Diketahui, KPK mendalami total enam laporan fraud debitur LPEI. Padahal pihak Kejagung mengumumkan adanya empat pihak korporasi yang terindikasi fraud.
KPK juga mengungkap total indikasi kerugian keuangan negara pada kasus LPEI yang ditanganinya ditaksir Rp3,4 triliun. Ini berbeda pula dari laporan Menkeu Sri Mulyani Indrawati ke Kejagung bahwa ada empat debitur bermasalah terindikasi fraud senilai Rp 2,5 triliun.
"Sekali lagi ini bukan proses kebut-kebutan ya," kata Wakil Ketua KPK Nurul Ghufron kepada wartawan yang dikutip pada Rabu (20/3/2024).
KPK mengakui sudah memperoleh laporan pengaduan masyarakat mengenai perkara itu sejak 10 Mei 2023. Selanjutnya, KPK memulai penyelidikan kasus itu pada 13 Februari 2024 atau sebelum menaikkan status perkaranya ke penyidikan pada Selasa kemarin.
Pakar Hukum dari Universitas Trisakti, Abdul Fickar Hadjar mendukung agar kasus dugaan korupsi di LPEI diusut Kejagung. Fickar meragukan KPK yang coba ikut-ikutan mengusut perkara tersebut.
Fickar menyatakan penanganan kasus dugaan korupsi terbilang lambat di KPK. Hal inilah yang membuat Menkeu Sri Mulyani menjatuhkan pilihan untuk melapor ke Kejagung ketimbang KPK.
"Ya KPK sekarang lamban menangani korupsi yang sudah jelas pembuktiannya, karena itu Menkeu SMI melimpahkan kasus (yang pernah dilaporkan ke KPK) kepada Kejaksaan," kata Fickar kepada Republika, Rabu (20/3/2024).
Fickar berharap Kejagung dapat mengusut perkara LPEI dengan profesional dan jujur.
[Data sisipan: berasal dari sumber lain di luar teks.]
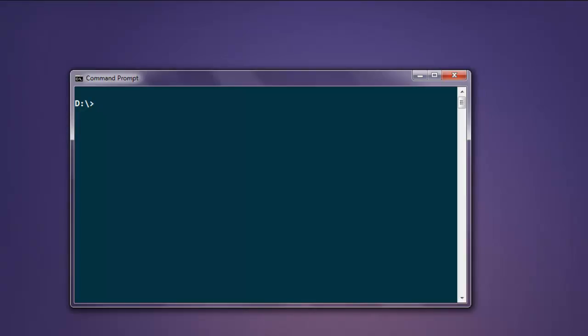Hi there. In this video I'm going to show you how to click on a button using Selenium WebDriver for Ruby. Now open your command prompt and type in gem install selenium-webdriver.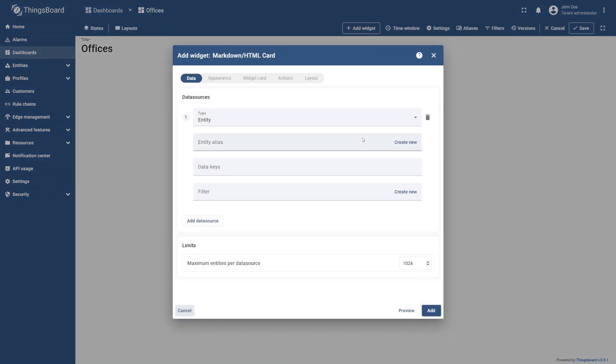Now we need to add an alias to define the entities from which the data will be extracted. You can read more about them in the documentation. The link to it is in the learning materials.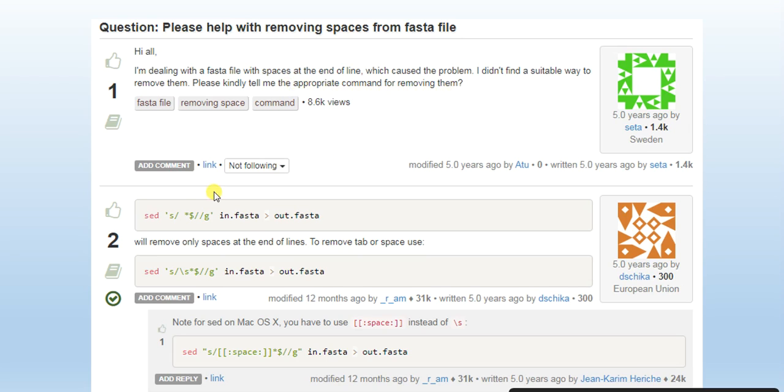Or will remove only space at the end of the line to remove gaps or space. So this type of problem comes, and this video shows how to remove the space between sequences and also numbers.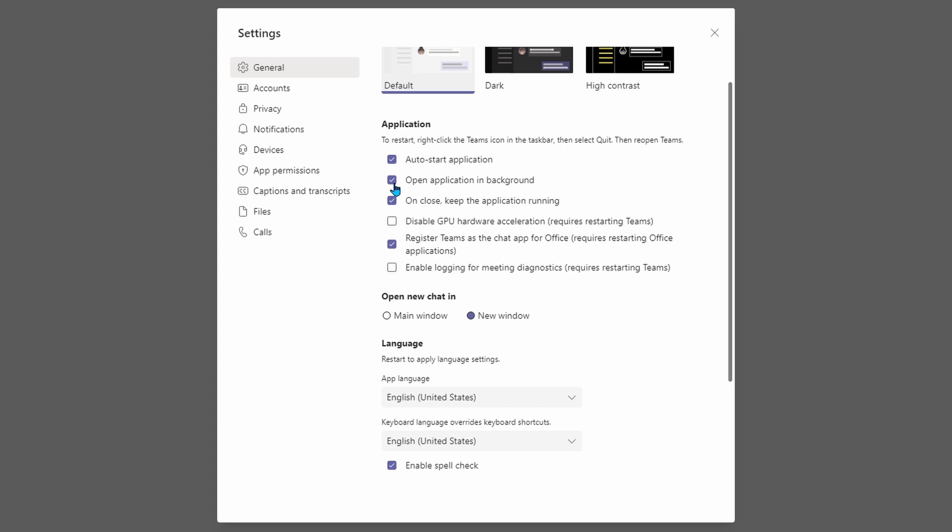This means that Teams is going to open up when you first turn on your computer, but you're not going to get the window there. So you're not going to see it, but if you get any calls, pings, or notifications, you're still going to get notified without seeing Teams open up on your Windows 11 computer.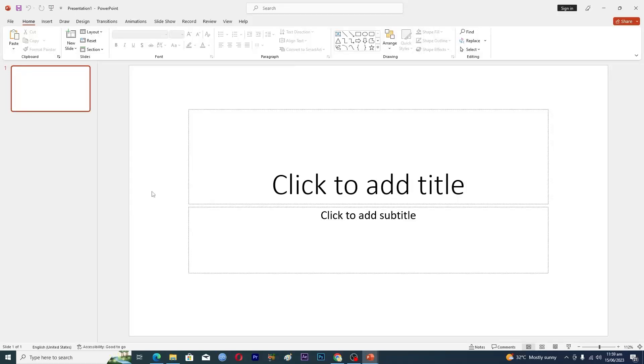Hello guys and welcome back to my channel. In this video I will tell you how to lock a PowerPoint from editing. Before starting the video, make sure to like this video and subscribe to my YouTube channel for more tips and tricks like this one.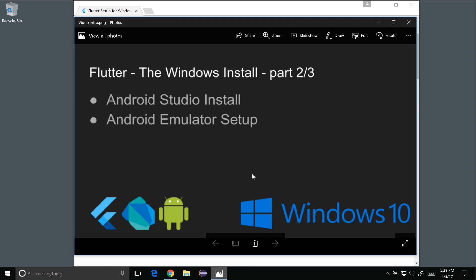In this episode I'm going to cover the Windows install part two of three. I'm going to start off by installing Android Studio and then I'll create an Android emulator and run it. Then I'll check it with the Flutter Doctor.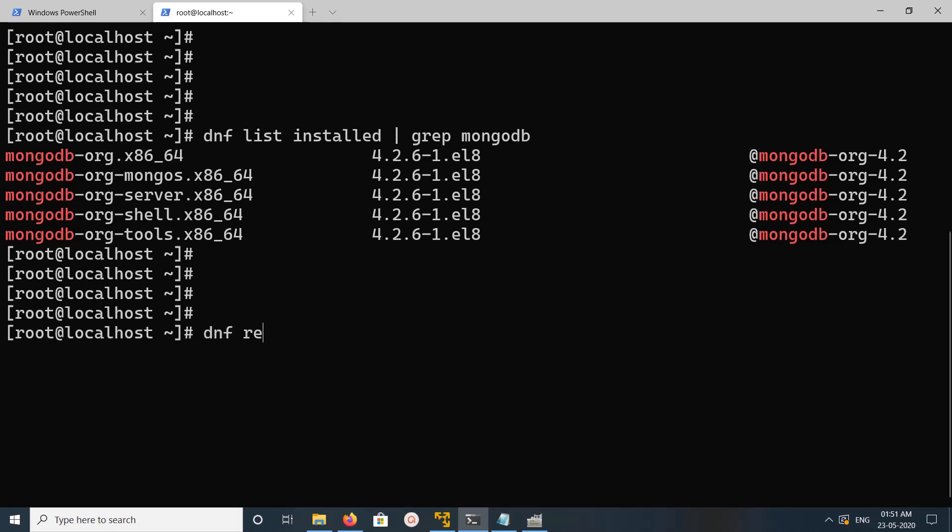So if you want to uninstall this MongoDB, you can run yum remove or dnf remove mongodb-org. This name mongodb-org, enter.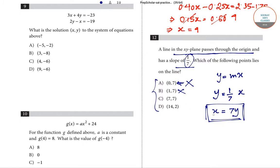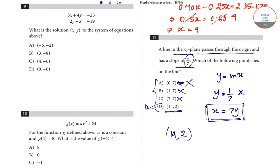Checking option (14, 2): if y = 2, then x = 7 × 2 = 14. This satisfies x = 7y. So option D is correct for question number 12. The point (14, 2) lies on the given line.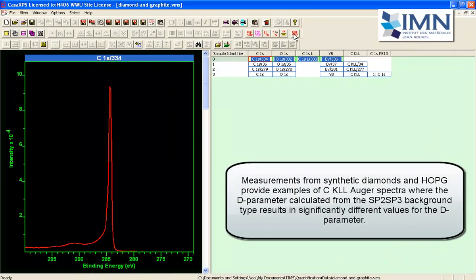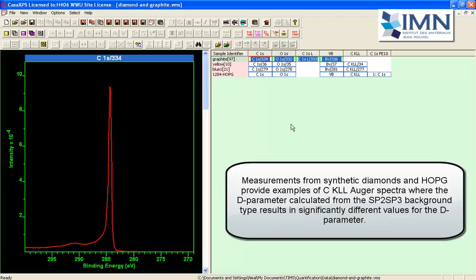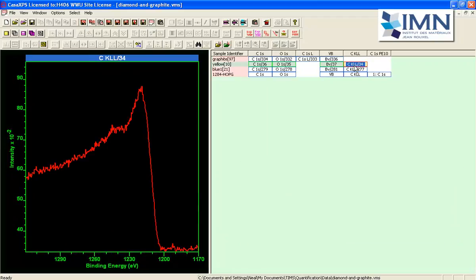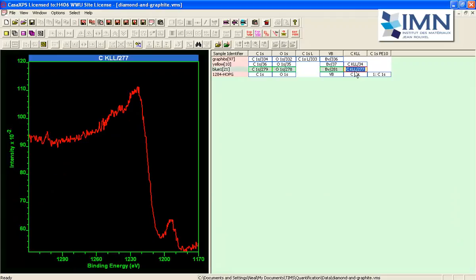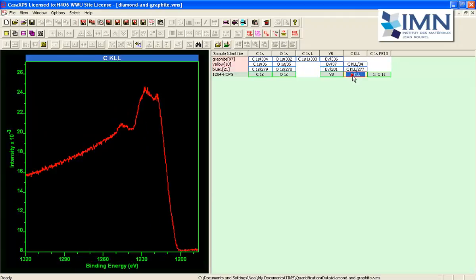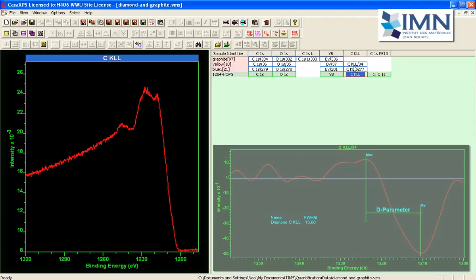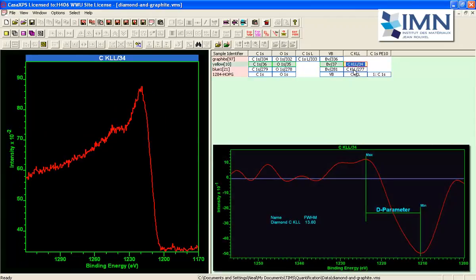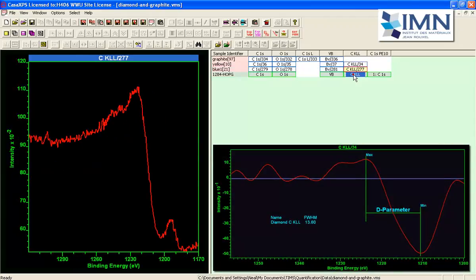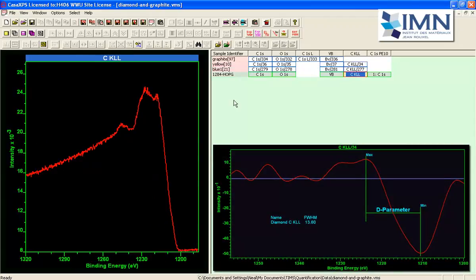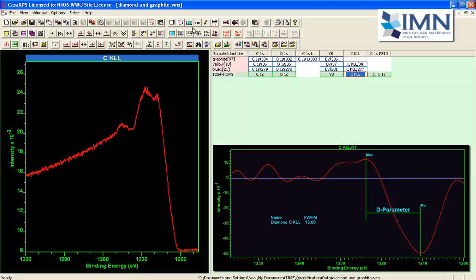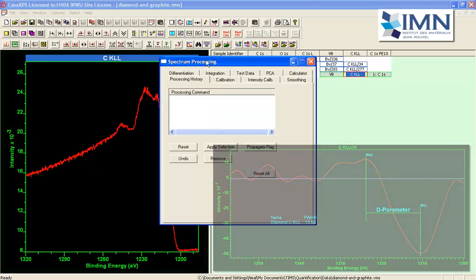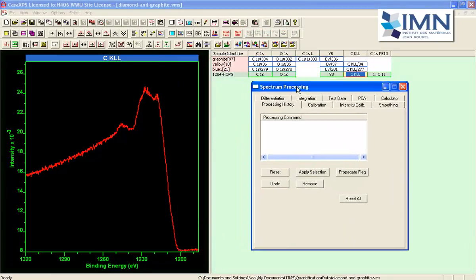These data are from graphite or diamond samples and what we would like to do is see if we can work out a d parameter for these Auger spectra. That is to say we want to differentiate these data and then work out the separation of the maximum to the minimum for these peaks.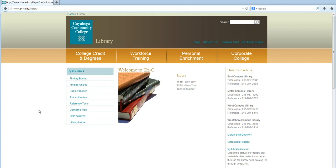Navigating to PsycInfo is pretty simple. First, go to the library's homepage, www.tri-c.edu/library. Next, you'll want to click on the subject guides link on the left hand side of the page.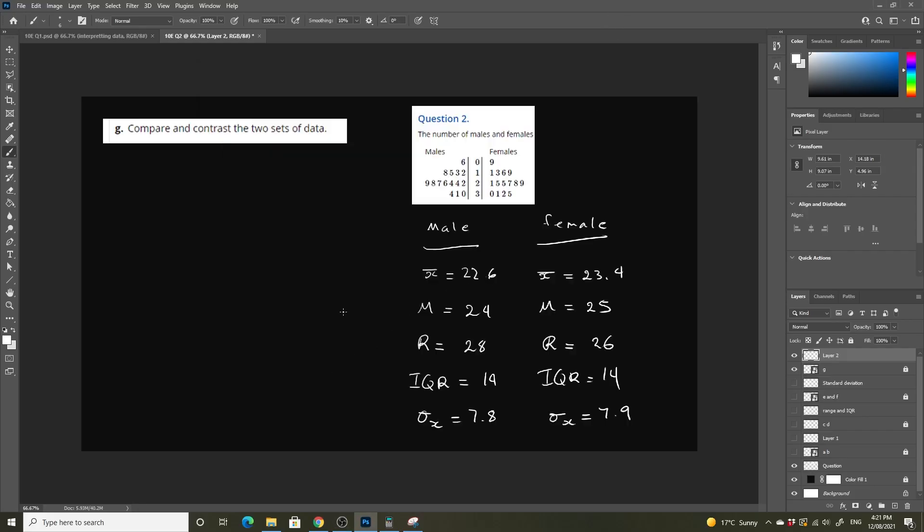Okay, so for Apache, it asks us to compare and contrast the two sets of data.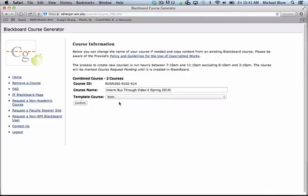And now it's going to give you the opportunity to change the course name or to change the template course that that course is based on. So, if you taught the course last year, and you'd like to base it on that course, you can do that. Here I'm looking at a faculty member's course, a faculty member who's teaching Russian 202 for the spring,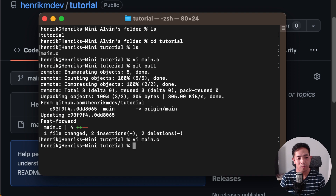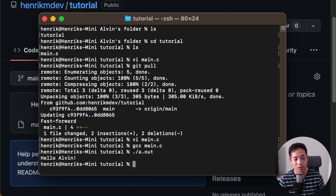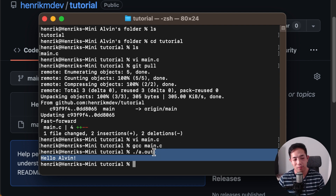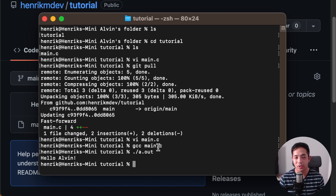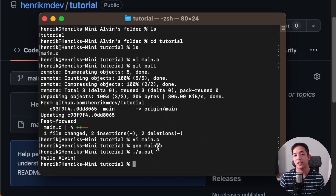Now as Alvin, we can compile and run the code. And there you go — Alvin and Bella have just worked together on this project, even though it was very simple. You can start to see some of the benefits of using Git.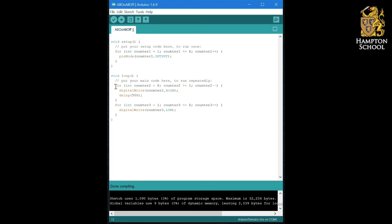So this loop instead of going from one to eight counting upwards goes from eight down to one counting downwards and hopefully you'll be able to figure out how you're going to make use of that in your program.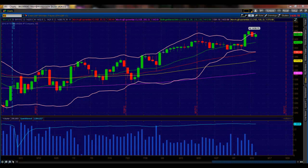Good morning everybody. Mike Vacchi, Princeton Trader here for Mr. Top Step with your Tuesday morning premarket webcast.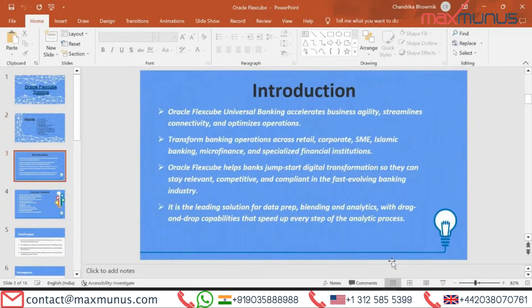What is Oracle FLEXCUBE? Oracle FLEXCUBE Universal Banking accelerates business agility, streamlines connectivity, and optimizes operations. It transforms banking operations across retail, corporate, SME, Islamic banking, microfinance, and specialist financial institutions. Oracle FLEXCUBE helps banks jumpstart digital transformations so they can stay relevant, competitive, and compliant in the fast-evolving banking industry.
Sebab KPK saat ini cenderung direspon negatif oleh publik.
"Tindakan Menkeu sangat tepat, memang sulit membedakan aparat penegak hukum yang bekerja profesional dan jujur hari ini sekalipun itu KPK," ujar Fickar.
Fickar merujuk sejak perubahan aturan (UU KPK) paradigmanya sudah berubah pegawai KPK menjadi ASN yang mudah diatur pihak lain. Bahkan juga oleh orang dalam sendiri di kasus pungli rutan KPK.
"Ya karena faktor aturan itu Menkeu melimpahkan ke Kejagung, yang jika Kejagung macam-macam Menkeu bisa lapor Presiden dan Jaksa Agungnya bisa minta dipecat dan diganti dengan Jaksa Agung yang jujur dan berani," ujar Fickar.
"Karena kalau KPK kan Presiden tidak bisa mengganti sembarangan. Jadi memang karena faktor perubahan aturan itu KPK sudah tidak independen dan gampang dimainkan oleh pihak-pihak tertentu," ucap Fickar.